EXERCISE INPUT Block Start
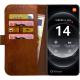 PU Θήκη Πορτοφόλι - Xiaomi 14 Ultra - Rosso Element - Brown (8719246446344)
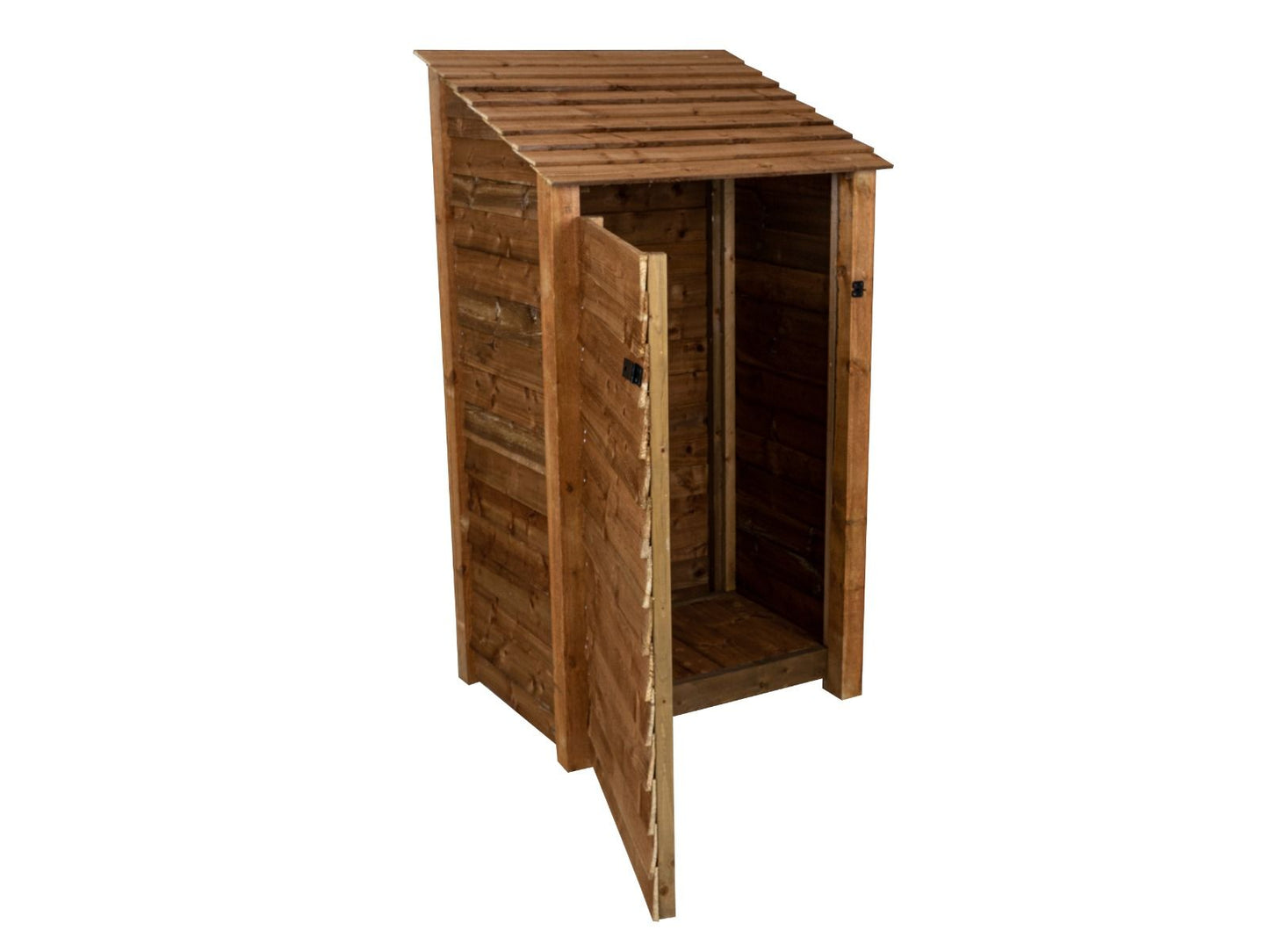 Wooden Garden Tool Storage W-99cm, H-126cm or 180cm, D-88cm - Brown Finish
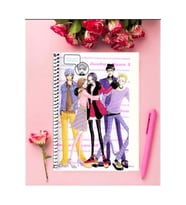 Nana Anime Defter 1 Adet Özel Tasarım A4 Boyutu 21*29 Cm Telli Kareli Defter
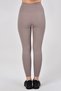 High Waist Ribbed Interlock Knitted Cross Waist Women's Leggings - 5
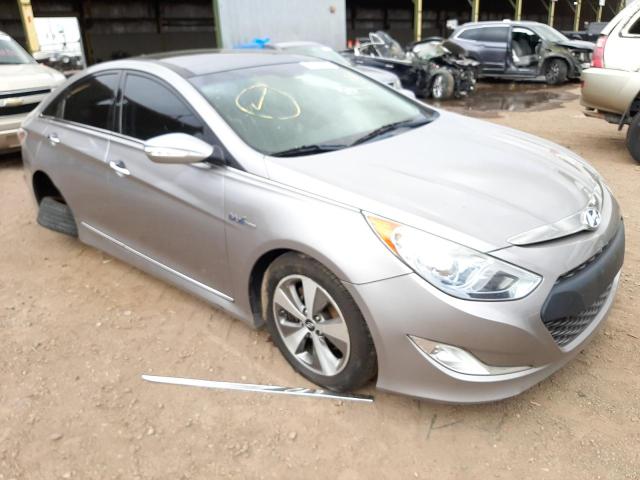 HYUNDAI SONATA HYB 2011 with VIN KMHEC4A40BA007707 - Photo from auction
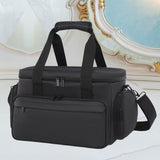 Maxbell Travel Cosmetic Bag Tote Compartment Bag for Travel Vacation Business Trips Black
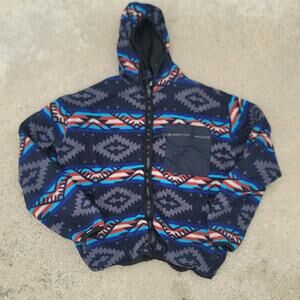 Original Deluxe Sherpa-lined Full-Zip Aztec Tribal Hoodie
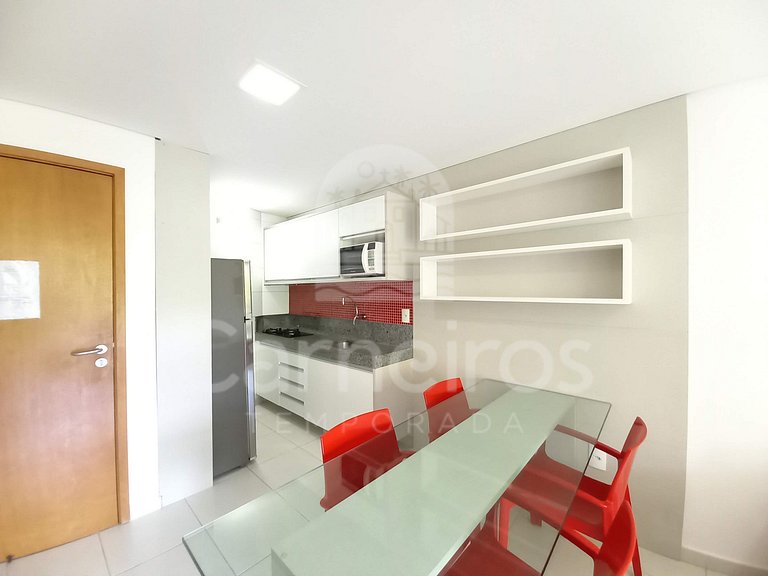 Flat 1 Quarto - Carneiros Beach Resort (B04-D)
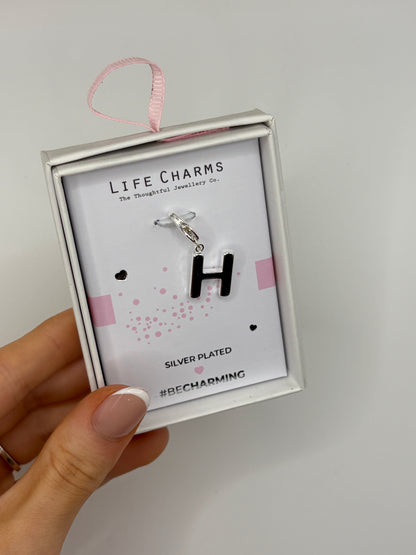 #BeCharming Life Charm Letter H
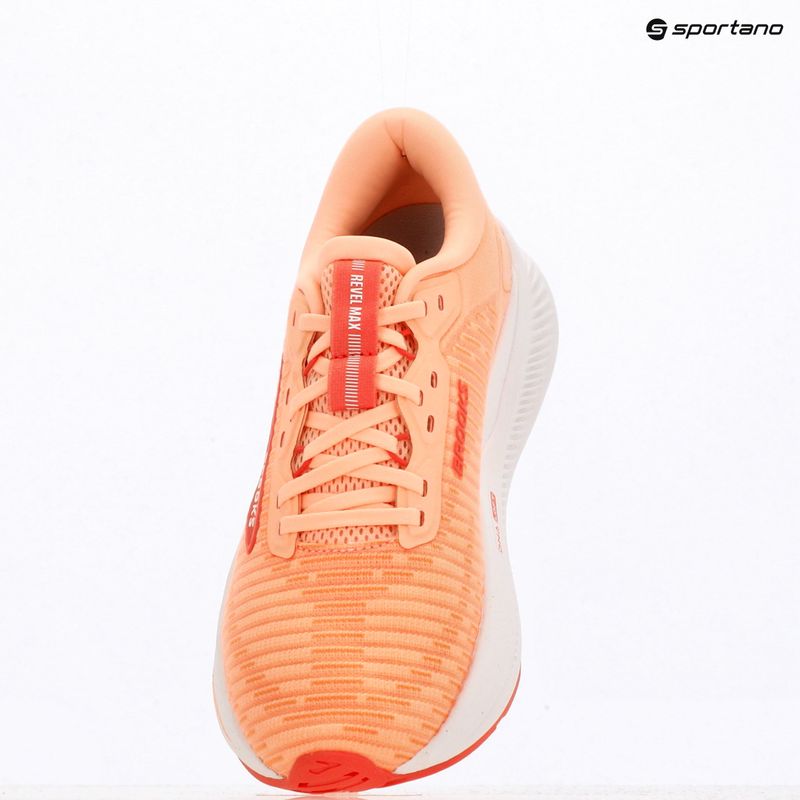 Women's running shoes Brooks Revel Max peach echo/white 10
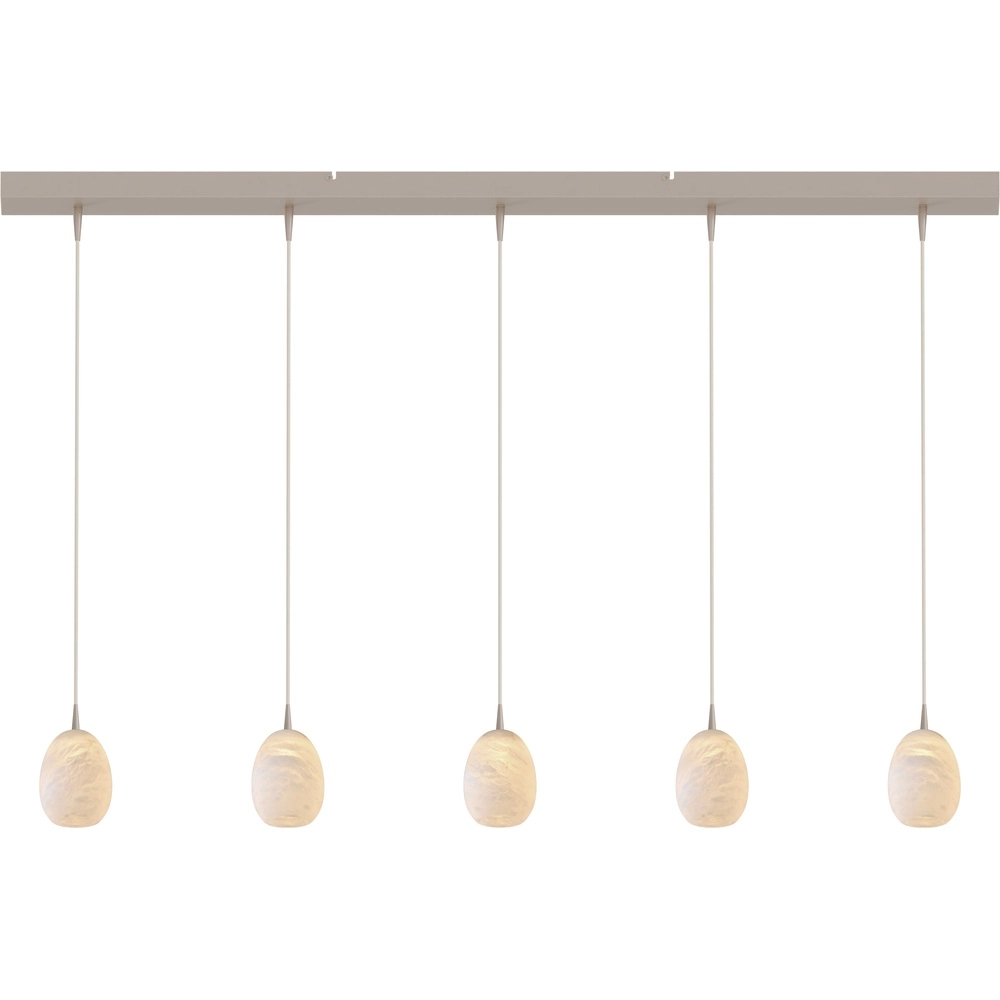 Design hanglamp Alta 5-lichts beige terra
EXERCISE INPUT Block End
◆ **REQUIRED WORK**: Each line from the one containing "Wooden Garden Tool" through the final line of the data must be reproduced exactly, both ends included, with no pictures in the copy.

◆ **SOLUTION**:
 Wooden Garden Tool Storage W-99cm, H-126cm or 180cm, D-88cm - Brown Finish
 Nana Anime Defter 1 Adet Özel Tasarım A4 Boyutu 21*29 Cm Telli Kareli Defter
 High Waist Ribbed Interlock Knitted Cross Waist Women's Leggings - 5
 HYUNDAI SONATA HYB 2011 with VIN KMHEC4A40BA007707 - Photo from auction
 Maxbell Travel Cosmetic Bag Tote Compartment Bag for Travel Vacation Business Trips Black
 Original Deluxe Sherpa-lined Full-Zip Aztec Tribal Hoodie
 Flat 1 Quarto - Carneiros Beach Resort (B04-D)
 #BeCharming Life Charm Letter H
 Women's running shoes Brooks Revel Max peach echo/white 10
 Design hanglamp Alta 5-lichts beige terra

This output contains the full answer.